John Michael gave a bit of his testimony, a much abbreviated version of the testimony I have posted here. He recounted an experience in which the Lord told him (this event was essentially his conversion to Catholicism, in the 70s) that the Catholic Church was His original Church, but that it had been sick and had almost died, but that the Lord was going to raise it up again, and He wanted John Michael to be a part of it. I had heard him recount this in the past, but when I heard it this week, I was struck with the memory of my own most intense personal interaction with JMT from the 1993 pilgrimage. As a brand new Catholic, I was struggling with the deluge of "Catholic stuff" I was experiencing on this trip: rosary beads, holy water, statues, genuflections, holy objects, holy places.... I didn't get it. It was painfully foreign. I was in culture shock. And it all felt like deadness.

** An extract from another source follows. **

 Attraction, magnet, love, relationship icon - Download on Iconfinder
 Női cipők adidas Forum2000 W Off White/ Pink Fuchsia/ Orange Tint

I knew that somewhere the Catholic Church had amazing springs of life, but I couldn't see them and I couldn't feel them, and I didn't know who to believe or where to look. I prayed an "atheist's prayer" about it, telling the Lord I didn't believe in holy places or holy objects or special graces connected to them, but if He wanted to convince me otherwise, He was free to go ahead. It was in Bethany, at the Church of the Tomb of Lazarus, that I was completely... I don't even know what word to use... completely undone by the Lord. His grace just came and dismantled my heart, and He reached right down into my doubts and my fears and proclaimed boldly to my entire being "I am the Resurrection and the Life. He who lives and believes in me will live, even though he dies. And everyone who lives and believes in me will never die." It was also the only time on the pilgrimage that John Michael served as an extraordinary minister of Holy Communion. I was literally hardly able to stand as I took the chalice from him. He spoke afterwards to the assembly in a way that helped me grasp what was happening to me.
I recount all of this simply because I saw only this week how that pivotal moment in my life whose impact has stayed with me, not just as a memory but as a constant reality, was very much a re-echoing of the call Jesus gave to John Michael. What I mean is, even though I knew God had called me to be a Catholic, I experienced the Church sometimes as dead, as frustrating, as sick. But what really shook me to my core and made me feel so terribly small and even unable to stand in that Mass was this overpowering awareness that God had called me here, (me, the experiential atheist!) to the Church, to share His life: to bear it to others. That is, after all, the only call there is from Christ.
And yet... and yet... what?
The same eyes that met mine in Bethany met mine again Thursday, and John said "Fan into flame the gift God has given you."
I want to say that I don't even know what that is. But I guess perhaps the closest I can come to capping this all off with some closure is that what I took away from this two-day mission is that everything that has happened in my life thus far is of one weaving, with meaning. But again, this isn't a meaning I give to myself; it's not a calling, a way, a path that I like and therefore I choose. It is what the Lord brings about and the Lord calls me to. And it seems to me the Lord wants me paying attention to Him.